Valga la advertencia de que quien vio la película estuvo todo el rato convencido de que Hasta ver la luz estaba ambientado en una favela de Río de Janeiro a pesar de que sus personajes hablaban siempre de Lisboa, ciudad que es una ensoñación luminosa que los habitantes del barrio ven desde las azoteas y tejados de su vivienda. La película de Da Cunha está rodada en un barrio marginal de Lisboa, mayoritariamente poblado por negros, pero su historia se puede extrapolar perfectamente a cualquier territorio sin ley de Latinoamérica.
Sombra (Pedro Ferreira), el protagonista que debe su apelativo a que se mueve por la noche, tiene una deuda económica con un capo local que controla el barrio en donde vive e impone una autoridad dictatorial a los suyos. Para pagarla deberá cobrar deudas a otros habitantes del barrio y de no muy buenos modos. Los únicos seres vivos con los que empatiza son su tía (Susana María Mendes da Costa), la niña Clarinha (Ana Clara Baptista de Melo Soares Barros) y un dragón que cuida con cariño. Vive sin esperanza y él mismo es muy consciente de ello.

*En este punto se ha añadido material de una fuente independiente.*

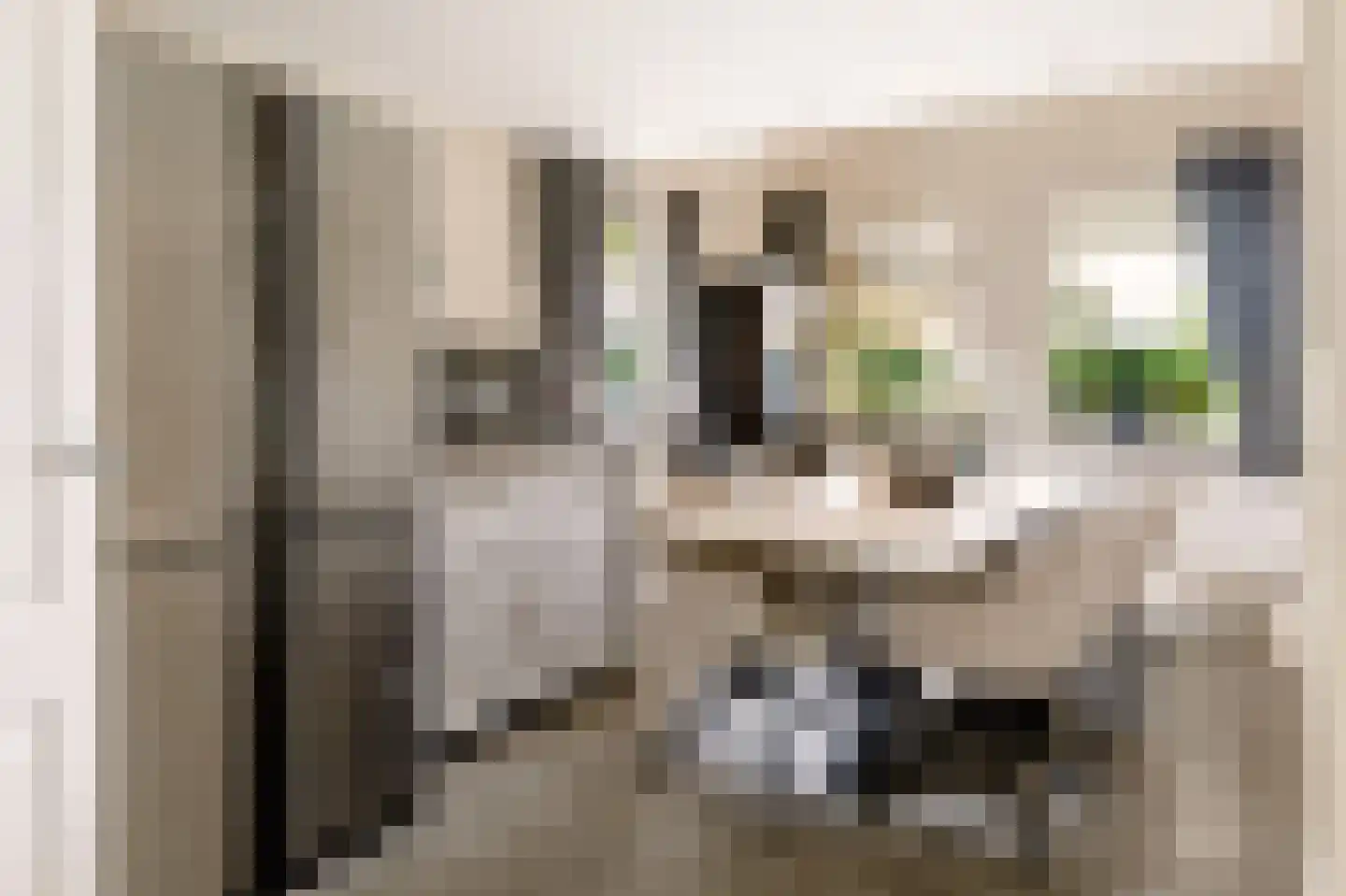 Teisterbantstraat 11 Kerk-Avezaath thumbnail 21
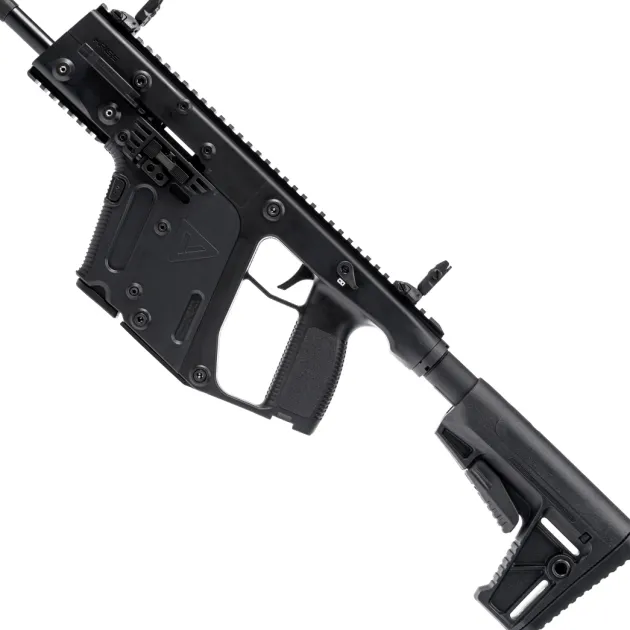 KS300 - KRISS Vector SBR G2 6.5'' 22lr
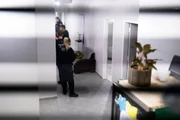 Fim da “xerecada”: Polícia Civil do DF fecha 3º bordel na Asa Norte - imagem 5 Fim da “xerecada”: Polícia Civil do DF fecha 3º bordel na Asa Norte - imagem 5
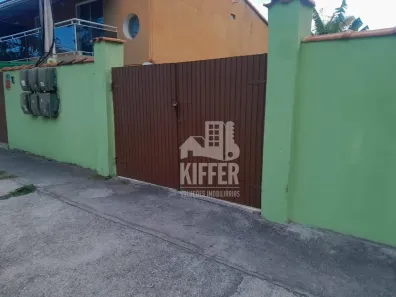 Casa com 2 Quartos à venda, 150m² no Ponta Negra (Ponta Negra), Maricá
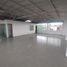 100 SqM Office for rent in Bogota, Cundinamarca, Bogota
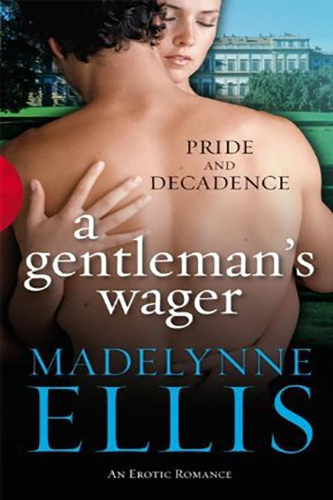A-Gentlemans-Wager-by-Madelynne-Ellis-PDF-EPUB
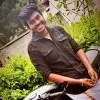 Ranjith Kumar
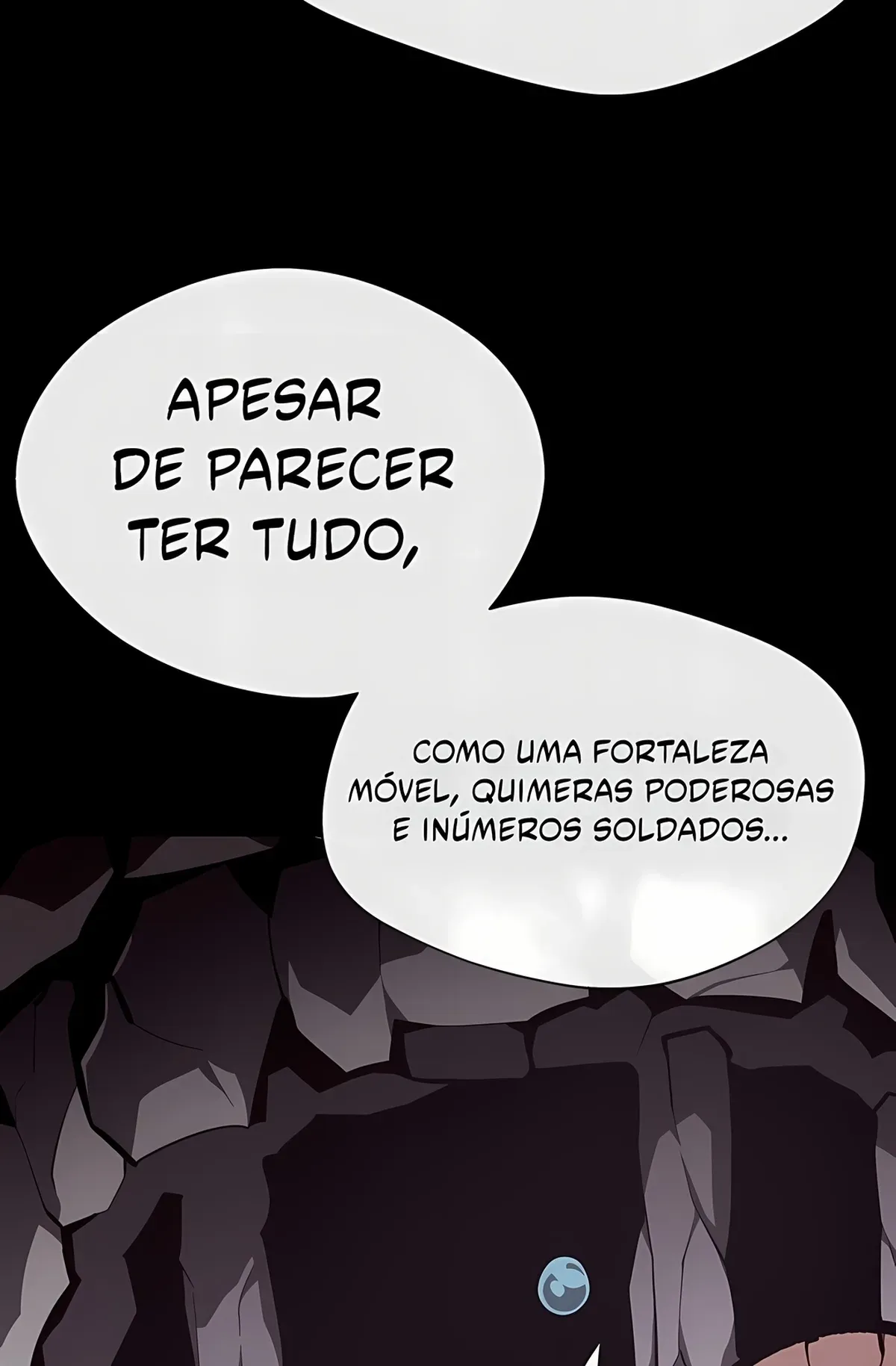 Página 80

Una línea argumental muy simple, pero eficaz, le sirve a Da Cunha para trazar este retrato universal de la marginalidad, un infierno fuera de la ley que reproduce, a peor, el modelo social imperante. La película del director portugués, coral, no arroja ninguna esperanza de redención a ese inframundo en donde la vida y la muerte no valen absolutamente nada y la jauría humana se mantiene disciplinada a base de la amenaza y la violencia.
No es una película perfecta—hay importantes fallos de guion, por ejemplo en esa expedición nocturna que termina en tiroteo y resulta bastante inexplicable—y se produce un cierto declive en intensidad en su tramo final—la secuencia del santero don Julio (José Ceferino da Cruz) es demasiado larga—pero Cunha consigue desasosegarnos con ese pandilla de tipos elementales que lo basan todo en la fuerza física y en la violencia y para los que no parece haber otra salida que la cárcel o la muerte. Si a esto añadimos un casting que parece haber hecho el director entre los pobladores del mismo barrio marginal con algunos personajes impagables—el capo, un negro corpulento teñido de rubio; el culturista blanco al que le falta un brazo—; una cámara inquieta; un empleo eficaz del argot—es una película que se sustenta en los diálogos y hay pocos momentos de silencio—y una fotografía en color impecable, llena de matices y con luces y sombras, que recorre el interior infame de las viviendas del barrio lisboeta en donde se hacinan los personajes de este drama, tenemos una de las visiones más realistas de la marginalidad que uno recuerda haber visto en los últimos años y que, en algunos momentos, parece Cidade de Dios, pero con un tono mucho más documentalista que el film de Fernando Meirelles.
Basil da Cunha sumerge al espectador en esa pesadilla de veinticuatro horas que ha rodado en 95 minutos. Un director a tener muy en cuenta en un futuro.